Deep Learning for Omnidirectional Vision: A Survey and New Perspectives
In this paper, we provide a comprehensive and systematic review and analysis of the recent progress in DL methods for omnidirectional vision. There are some previous surveys in the literature. However, some of them are focused on the specific vision tasks, especially room layout reconstruction, 3D scene geometry recovery. Moreover, some provide limited reviews of omnidirectional video streaming methods. Unlike existing surveys, this paper highlights the importance of deep learning and probe the recent advances for omnidirectional vision, both methodically and comprehensively. To the best of our knowledge, this is the first survey to comprehensively review and analyze the DL methods for omnidirectional vision.
The main contributions of this paper to the community are five folds:
(I) We comprehensively review and analyze the DL methods for omnidirectional vision, including the omnidirectional imaging principle, representation learning, datasets, a taxonomy, and applications, to highlight the differences and difficulties with the 2D planner image data.
(II) We conduct an analytical study of recent trends of DL for omnidirectional vision, both hierarchically and structurally. Moreover, we offer insights into the discussion and challenge of each category.
(III) We summarize the latest novel learning strategies and potential applications for omnidirectional vision.

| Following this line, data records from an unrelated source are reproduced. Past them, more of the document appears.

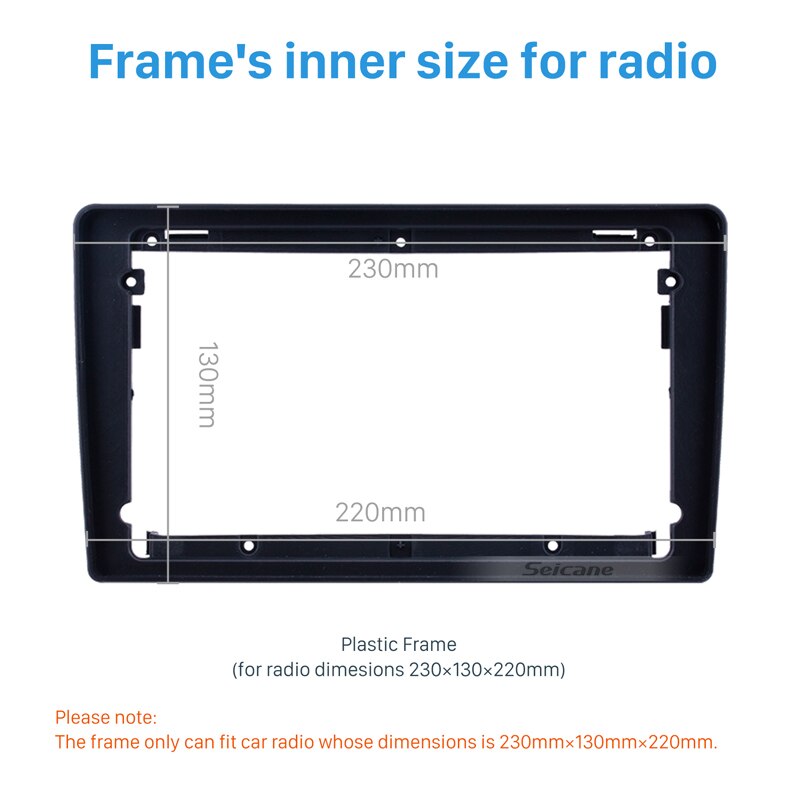 Seicane Double Din 9 inch Fascia Frame For Lada Granta Dash Mount Kit Trim Panel
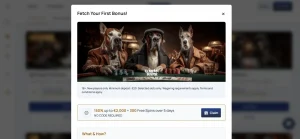 SpinDog welcome offer page showing the current GBP first-deposit promotion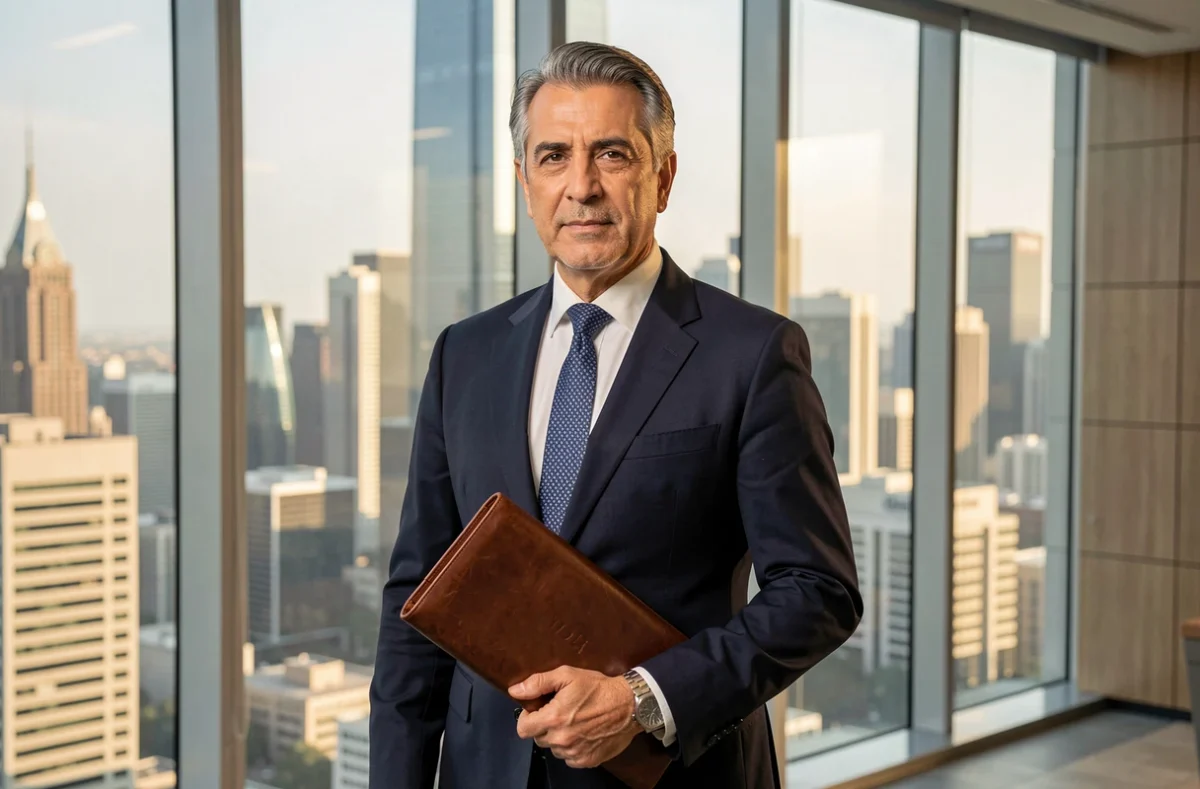 Portrait d'un dirigeant de club de football en costume de luxe dans un bureau exécutif moderne surplombant une grande ville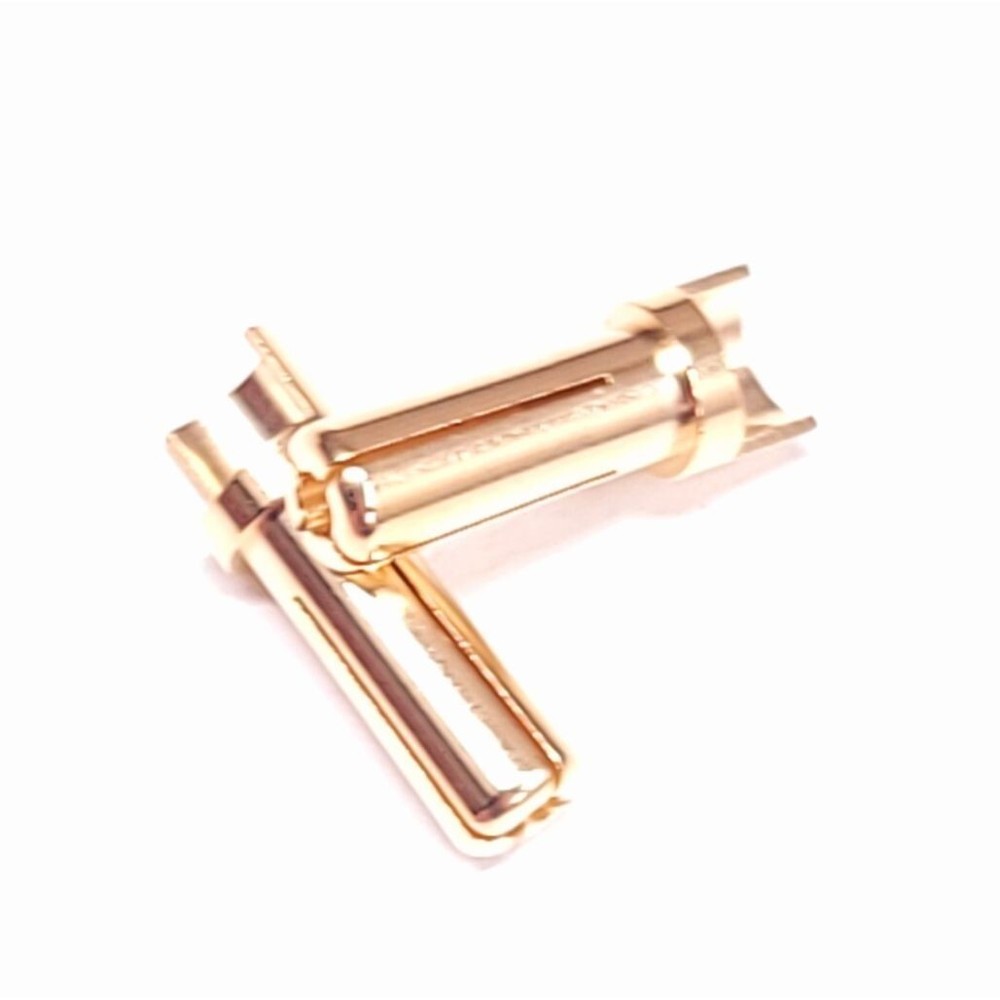 5mm oversized solid design gold plated bullet connector w/ shoulder 10 pair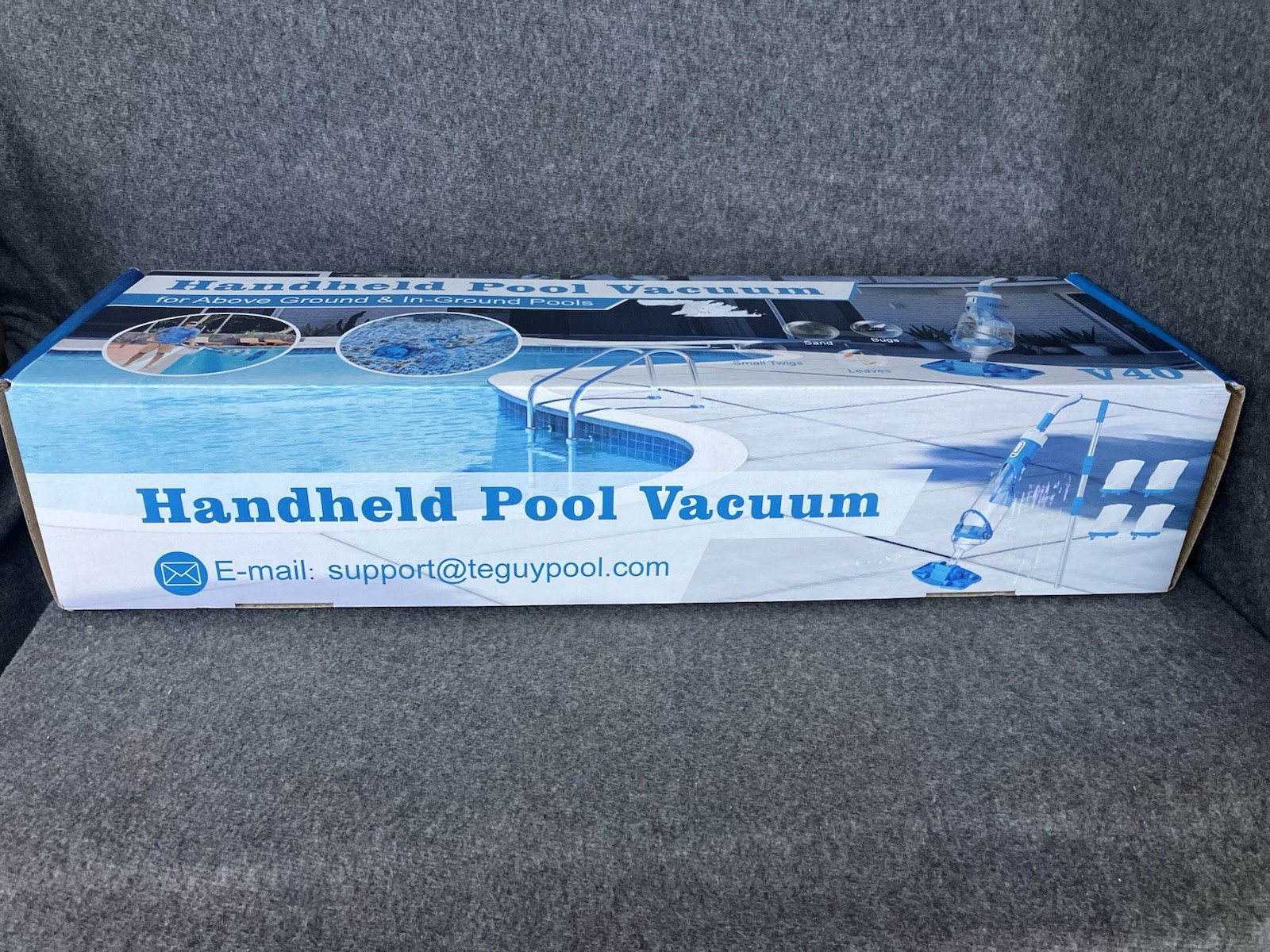 TEGUY V40 Handheld Pool Vacuum 40W 18.5GPM Dual Head for Above/In-Ground Pools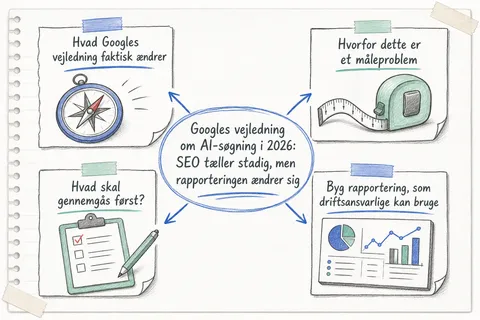 Illustreret infografik, der opsummerer: Googles vejledning om AI-søgning i 2026: SEO tæller stadig, men rapporteringen ændrer sig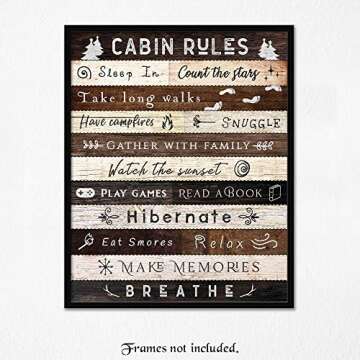 Simple Cabin Rules Humor Quotes Print, 1 (8x10) Unframed Photos, Wall Art Decor Gift for Home Office...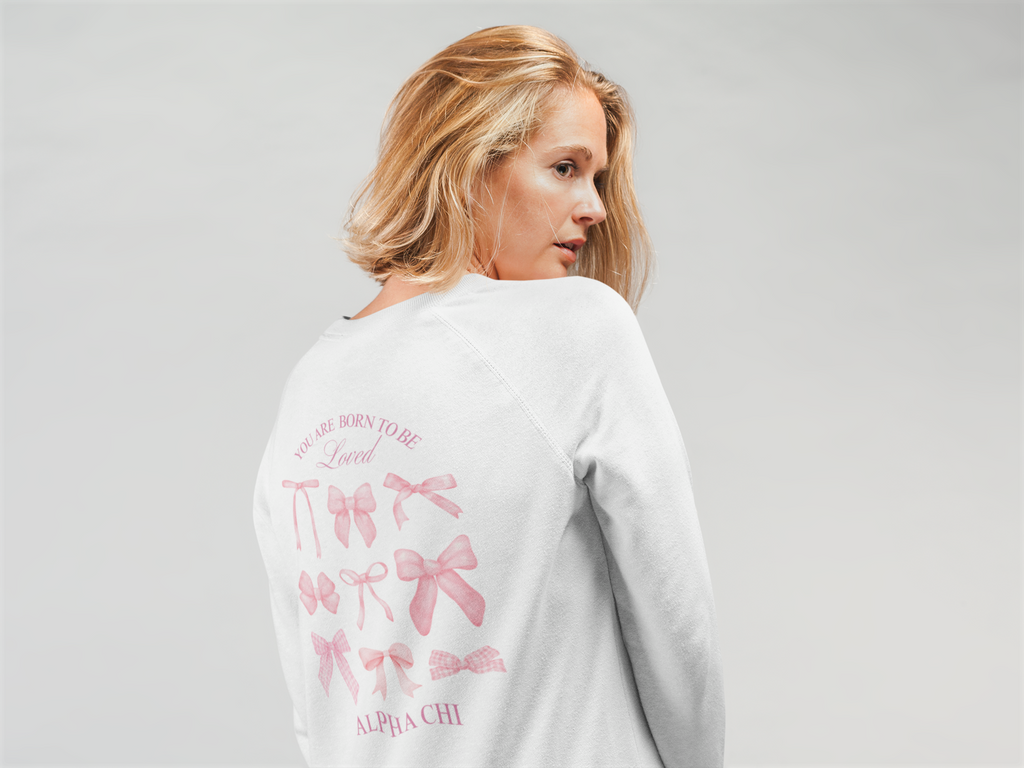 Alpha Chi Apparel | Born to be Loved Bow Crewneck Sweatshirt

(I) We provide insightful discussions of the challenges and open problems yet to be solved and propose the potential future directions to spur more in-depth research by the community.
(II) We create an open-source repository that provides a taxonomy of all the mentioned works and code links, and hope it can shed light on future research.
The organization of this paper is structured as follows. In Sec.2, we introduce the imaging principle of ODI, convolution methods for omnidirectional vision, and some representative datasets. In Sec.3, we review and analyze the existing DL approaches for various tasks and provide taxonomies to categorize the relevant papers. Sec.4 covers novel learning paradigms for the tasks in omnidirectional vision, e.g., unsupervised learning, transfer learning, and reinforcement learning. Sec.5 then scrutinizes the applications, followed by Sec. 6, where we discuss open problems and future directions. Finally, we conclude this paper in Sec. 7. Furthermore, we summarize most, if not all but representative, works (over 200 papers) in the last five years, which were published in the top-tier conferences and journals in computer vision/graphics and machine learning.